You don’t need a killer generic to build a brand

My good friend Mike Berkens at TheDomains seemed to be in ‘shock and awe‘ mode today, over the rebranding of Buy.com as ‘Rakuten’.

A couple of facts: Rakuten exists as a brand since 1999 in Japan, having used the name “Rakuten Ichiba” since 1997. Apparently, Rakuten generated $4.7 billion dollars in revenue in 2011, a year after they bought Buy.com for $250 million dollars.

I believe that Buy.com was the first retailer I spent money on, long before Amazon. Their service wasn’t spectacular then, and I wasn’t drawn to the company because I randomly typed “Buy.com” in the web browser; even back then in 1998, Buy.com was a brand for consumer electronics and computer parts.

Soon though, I moved to using retailers such as Amazon or Newegg. The latter – hardly a generic – is my favorite destination for computer gear to this day, simply because of the stellar customer service and low prices they provide.

So for more than a decade, Buy.com slipped into oblivion; if I were to follow the logic of domainers, since I wanted to “buy” something I should just enter that generic keyword in Google or the browser.

That’s not how businesses are built, however. Brandsnames that are partially or fully crafted – move the Internet, a word that is also a brand: nobody is looking for “information superhighway,” thank goodness.

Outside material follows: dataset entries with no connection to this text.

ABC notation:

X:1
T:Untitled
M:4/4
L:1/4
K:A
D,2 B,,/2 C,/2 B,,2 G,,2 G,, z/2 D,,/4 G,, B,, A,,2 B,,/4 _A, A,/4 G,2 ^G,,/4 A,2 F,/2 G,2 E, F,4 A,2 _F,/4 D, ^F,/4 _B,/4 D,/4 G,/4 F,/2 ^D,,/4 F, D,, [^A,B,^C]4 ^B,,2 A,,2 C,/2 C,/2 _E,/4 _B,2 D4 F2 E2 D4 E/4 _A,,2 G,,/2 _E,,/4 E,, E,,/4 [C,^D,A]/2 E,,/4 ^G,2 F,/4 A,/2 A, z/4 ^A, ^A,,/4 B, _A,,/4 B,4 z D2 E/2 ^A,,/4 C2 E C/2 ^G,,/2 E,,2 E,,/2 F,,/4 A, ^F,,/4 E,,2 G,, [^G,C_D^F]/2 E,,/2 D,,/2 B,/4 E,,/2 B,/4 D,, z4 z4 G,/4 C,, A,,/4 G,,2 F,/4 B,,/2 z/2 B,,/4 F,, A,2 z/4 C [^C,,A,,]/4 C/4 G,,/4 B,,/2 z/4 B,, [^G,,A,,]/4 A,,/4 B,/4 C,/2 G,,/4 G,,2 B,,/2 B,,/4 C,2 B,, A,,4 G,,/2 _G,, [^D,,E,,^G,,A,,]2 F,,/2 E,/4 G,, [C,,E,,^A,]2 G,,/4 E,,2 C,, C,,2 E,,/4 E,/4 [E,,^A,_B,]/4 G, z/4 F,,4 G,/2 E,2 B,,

Ultra generics serve a purpose, but they cannot overthrow the strengths of brands: Nike, Microsoft, Xerox, Pepsi, Audi, BMW, Canon etc.

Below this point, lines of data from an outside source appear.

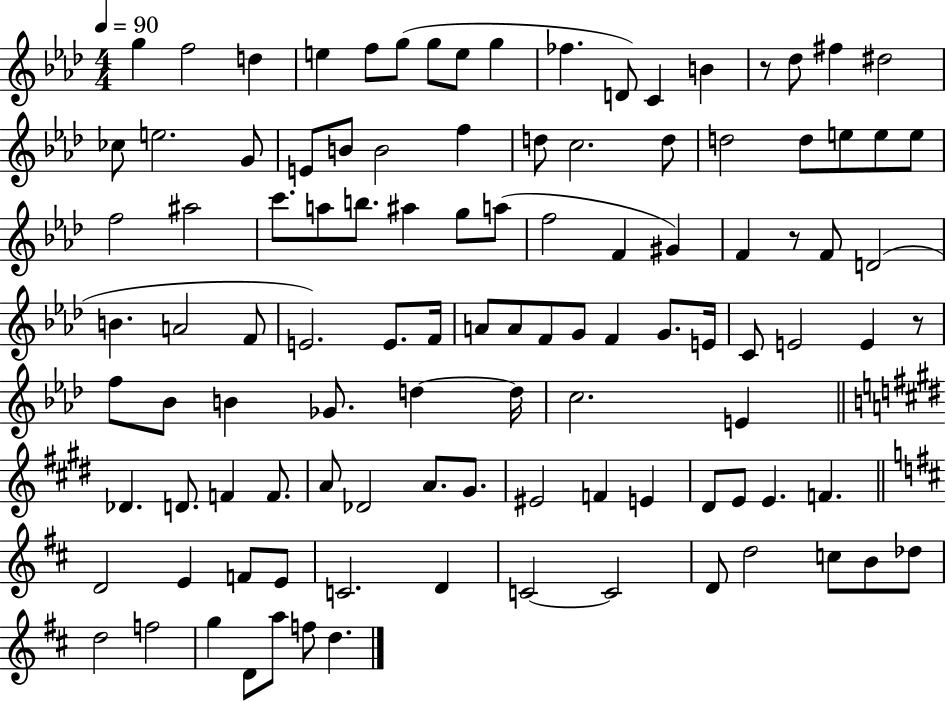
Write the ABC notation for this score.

X:1
T:Untitled
M:4/4
L:1/4
K:Ab
g f2 d e f/2 g/2 g/2 e/2 g _f D/2 C B z/2 _d/2 ^f ^d2 _c/2 e2 G/2 E/2 B/2 B2 f d/2 c2 d/2 d2 d/2 e/2 e/2 e/2 f2 ^a2 c'/2 a/2 b/2 ^a g/2 a/2 f2 F ^G F z/2 F/2 D2 B A2 F/2 E2 E/2 F/4 A/2 A/2 F/2 G/2 F G/2 E/4 C/2 E2 E z/2 f/2 _B/2 B _G/2 d d/4 c2 E _D D/2 F F/2 A/2 _D2 A/2 ^G/2 ^E2 F E ^D/2 E/2 E F D2 E F/2 E/2 C2 D C2 C2 D/2 d2 c/2 B/2 _d/2 d2 f2 g D/2 a/2 f/2 d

I’m not sure what Rakuten will do with Buy.com; my guess is that they will wrap it into a service and sell it off to a company willing to use it as an outlet. Brand penetration, after all, requires a brand that even when it makes use of a generic word, it’s used as a manifestation of a product or service.

Just ask Apple.com.

Comments

  1. Amen brother.

  2. Amen!

  3. Generics have their place in every industry, but they aren’t the magic bullet that will solve your business needs. Brands, on the other hand, can become very significant due to their uniqueness and connection to products and services they are associated with.

  4. I buy your basic proposition, Theo… (lol)

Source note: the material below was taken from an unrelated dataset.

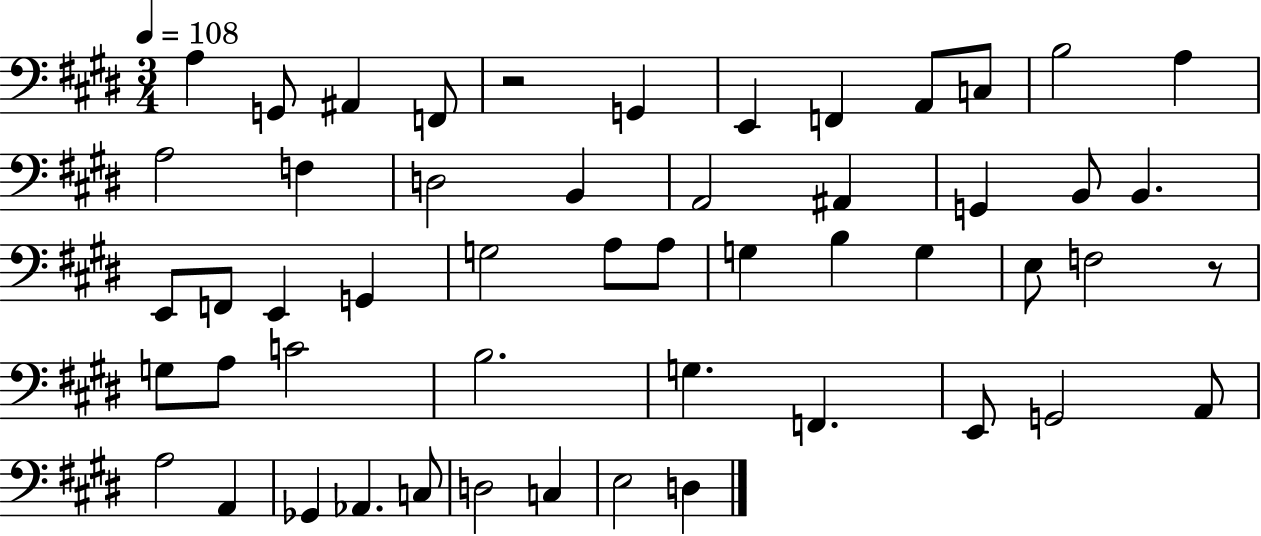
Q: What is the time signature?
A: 3/4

    But, don’t forget, for a brand to become successful, it has to be built – promoted, serviced, differentiated, eyeballed, and accepted…..VERY expensive to do, and takes a long time….

    Buying & using a bang-on generic domain – that describes your business proposition, product, or service – is part way to buying the brand, itself.

    …ie its cheaper – and more efficient – to part-buy the brand by buying the generic domain, than to build a no-name domain/brand from scratch.

    Balance in all things.

  5. Voltaire – Nobody said a brand *will* succeed every time ;) But a generic without equal promotion is weaker than the weakest brand. Also, brands can be created out of thin air, thus making their initial inception cheaper; for a generic, you will have to pay a lot.